Intelligent process automation

What makes an intelligent process automation tool actually intelligent

Every roundup defines the category the same way: robotic process automation plus AI. That is correct and it is also the least useful part. The thing that decides whether a tool survives contact with your actual systems is narrower and almost never discussed: how it reads the screen it is driving.

M
Matthew Diakonov
9 min read

Direct answer

An intelligent process automation tool is software that combines robotic process automation with AI, so it can automate workflows that involve unstructured inputs and decisions, not only fixed, rule-based steps. The capability that actually determines whether one works on your stack is its perception layer: tools that read a screen through pixels or auto-generated selectors break on legacy desktop apps, while Mediar reads the operating system accessibility tree (the same structured element data screen readers use), so it can drive SAP GUI, Oracle EBS, mainframe terminals, and EHRs that have no API.

Category definition cross-checked against the AWS intelligent automation reference on June 16, 2026.

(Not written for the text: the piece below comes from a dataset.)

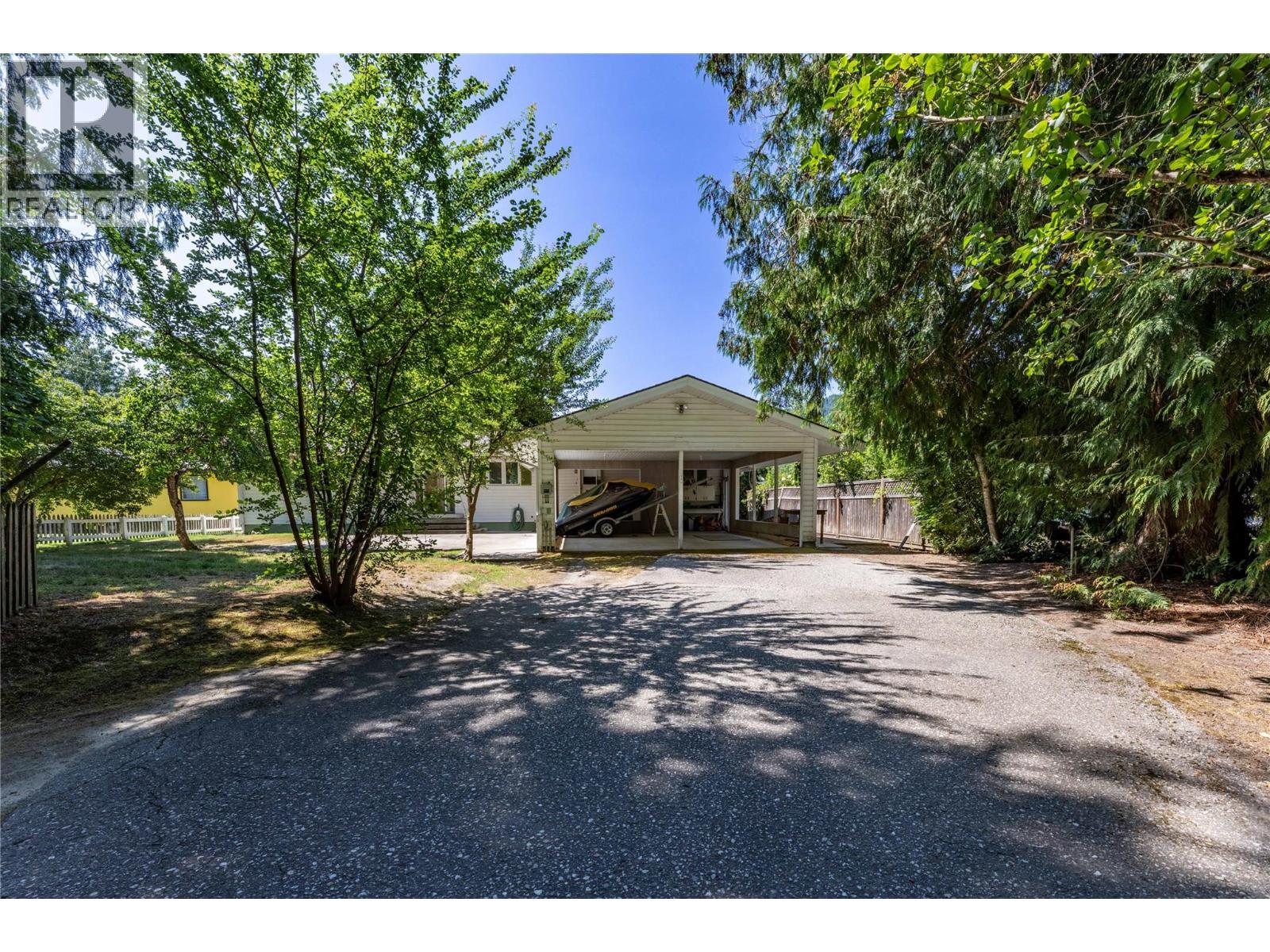 413 97a Highway, Sicamous, British Columbia  V0E 2V1 - Photo 26 - 10398054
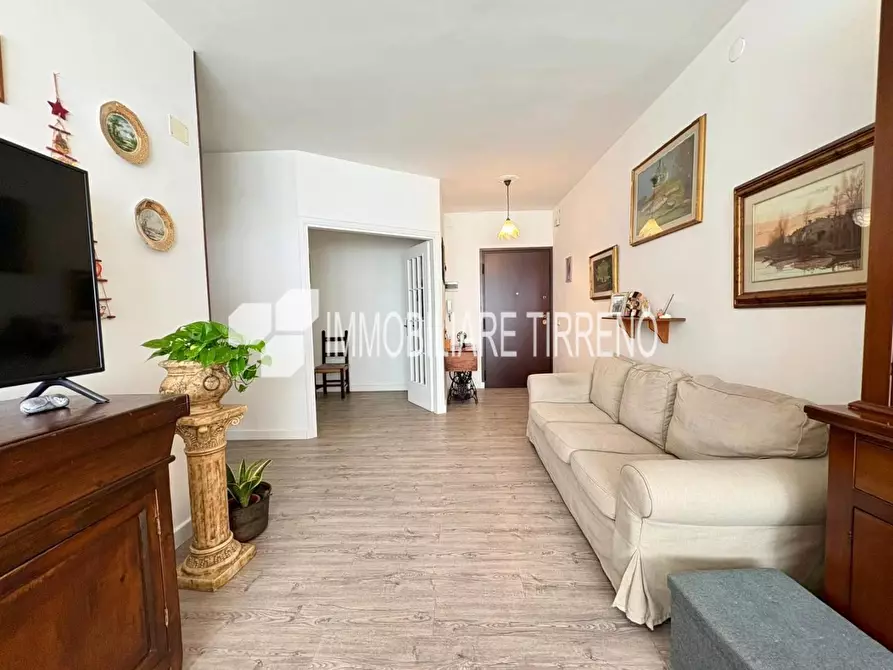 Immagine 15 di Appartamento in vendita  a Massa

The definition everyone agrees on, and where it stops being helpful

Pull up the popular explainers and the listicles and they converge. Intelligent process automation is RPA with a layer of machine learning, natural language processing, or generative AI on top so it can deal with messy inputs. Then the article becomes a list of vendor names. None of them tell you the one thing that predicts whether a given tool will run on a Tuesday in your environment six months from now.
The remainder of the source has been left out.